Book review: The Adam Quest

by Tim Stafford

★★★★★

Best book I’ve read this year! Tim Stafford is the Senior Writer for Christianity Today, and I can see why. His writing is a pleasure to read.

The Adam Quest is a personal glimpse into the lives of eleven scientists who feel science and faith should be allies. Stafford interviews young earth creationists, intelligent design creationists, and evolutionary creationists, all of whom are firm believers and all of whom have a high regard for the Bible as a source of truth. Each tells his or her story of being led to faith. Stafford doesn’t try to separate right from wrong, he just gets out of the way and lets each person tell their own story, so we can get to know them.

It’s a dilemma. Young earth creationists have a clear understanding of Genesis, but struggle to fit science into the mold. In particular, new biochemical and genomic information hugely strengthens the evolutionary case that all life is related. But evolutionary creationists struggle with the other side of the equation: their understanding of Genesis is very much a work in progress.

I’m probably showing my bias, but the young earth creationists leave me feeling sad as they plug along, driven by an intense trust in a literal interpretation of Genesis but largely ignored by their scientific peers, working so far to the fringe of science that funding is unavailable. They have no expensive labs, no scientific exploration, just an air of desperation as they try to uphold the Word of God.

The Intelligent Design (ID) proponents (including Michael Behe, the first to propose the idea of irreducible complexity) never lack for confidence, yet fit in no better with their peers, as ID just doesn’t qualify as “science.” The ID arguments may have merit, but it doesn’t matter; they present no verifiable model to replace evolution. It’s not enough to say “God did it” … science studies how. ID, therefore, will never gain a place in the science class until IDers tackle the problem of how God did it, so that predictions can be made and tested.
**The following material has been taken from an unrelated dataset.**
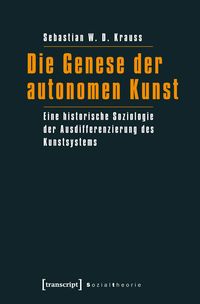 Produktbild: Die Genese der autonomen Kunst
IDers claim scientific exploration into their views can be done, but as yet no one is doing it.

But believers in evolutionary creation have their own struggles. They are habitually charged with destroying the faith of fellow Christians. Christianity is supposed to distrust science, it’s supposed to oppose the heresy of Darwinism. This is drilled into evangelicals at a young age, and since most evangelicals are not trained in science, it’s very difficult for them to understand just how solid the scientific evidence for evolutionary biology really is.

Here I must give a special plug to Simon Conway Morris, whose views about directed evolution are absolutely fascinating. He believes if we were to rewind and replay the tape of evolution, it would surely travel a different path, but would ultimately converge much the same way it did this time around. Humans are inevitable. I have already ordered his 2003 book Life’s Solution: Inevitable Humans in a Lonely Universe, so fascinating is his theory of convergence.

Stafford then wraps up by presenting his own opinion on the matter, yet humbly admitting there is still much to learn, if only science and faith will understand that they are allies.

Thomas Nelson, Inc., © 2013, 232 pages

ISBN: 978-0-5291-0271-3

2 Comments

  1. Being a strong believer in Christ and the Bible and also in science I have no problem also believing that science & faith are allies. I am not saying that I have all the answers. I am not even saying I have 1/4 of the answers, but I do have faith that they are there are scientists and great thinkers that do have the answers. I think and I think hard but I do not think I am a great thinker. JJeezzz. That was hard! Being a Mormon, I have to believe that G-d did create the world, as scriptures say, but being a hard thinker, I believe He could have created the world and man as the laws of the universe dictate, or as evolution show it happen. We know evolution occurred, right? I believe the answer we don’t have, is why? Correct me if I am not right. Believing in G-d is not always a matter of science but a matter of faith. At times, I think we are kind of “hard-wired” to believe in something more than ourselves. In our modern age we have new things to worry about, like atheism, which seems almost silly in thought, the belief that nothing exist. Still appears like a hard-wired thought. I am not so worried about where G-d came from , or where Adam came from, but I do concern myself with the understanding of science & faith. The greatest understanding of our time will be the co-joining of these two great “sciences”.

    • Lee Harmon

      Yeah, I probably wouldn’t have said faith and science are allies, but more like spirituality and science are allies–Faith seems to inhibit scientific discovery in my experience–but I understand exactly what you are saying.